Another benefit was that a large number of reports from testers could be dismissed immediately as conforming to the original game, even if they were unusual by modern standards, such as the bizarre behavior of monsters pelted with a steady stream of bullets- they'd smash into the wall, slide up until they hit the ceiling, and then hang their for several seconds before falling to the floor.

Our relationship with Microsoft. The Xbox Live Arcade team was an invaluable part of the project. In addition to being a ready conduit for technical questions, they provided us with many resources during the project. Implementing text flow in a way that supported every locale we wanted to target is extremely nontrivial, but we were given an internal library that provided it. When optimizing the save game screen, I was able to send off a profiler log for expert analysis. This direct assistance made development on the Xbox 360 a much smoother experience than it could have been.

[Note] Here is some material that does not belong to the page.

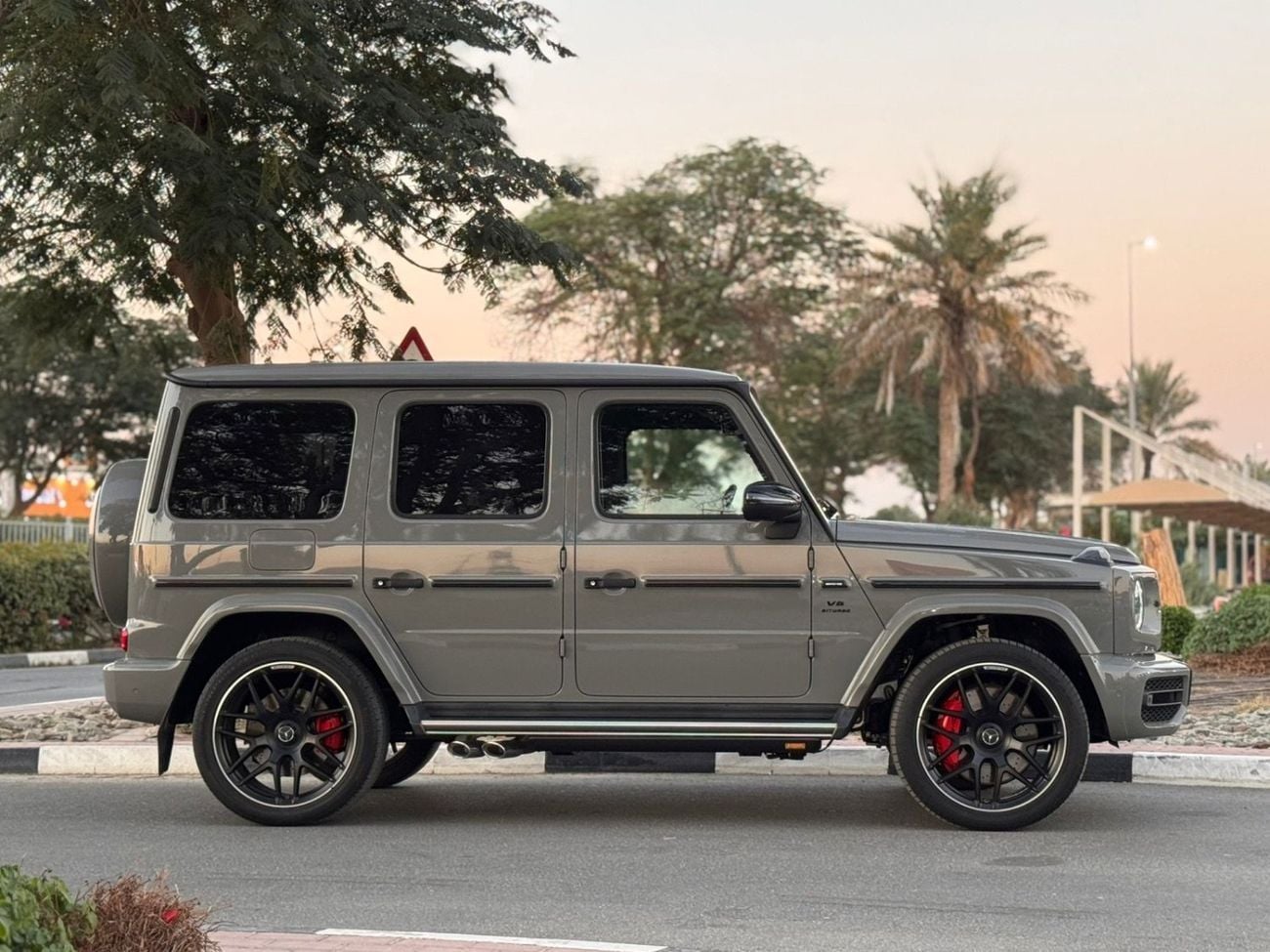 مرسيدس بنز G 63 AMG  DOUBLE NIGHT PACKAGE 2024 / NARDO GREY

If that wasn't enough, our account manager was available on MSN Messenger for most of the project. Questions about the certification requirements or some aspect of the 360 platform could be answered very quickly, and being able to simply converse with veteran Microsoft personnel gave us insight into the platform's nature and intended functioning. Uncertainty stemming from any of the 360's requirements never held up the project for long, and with the Arcade team's guidance we were able to bring the project in on time and without having to crunch for more than a handful of weeks. And only one person ended up sleeping in the office.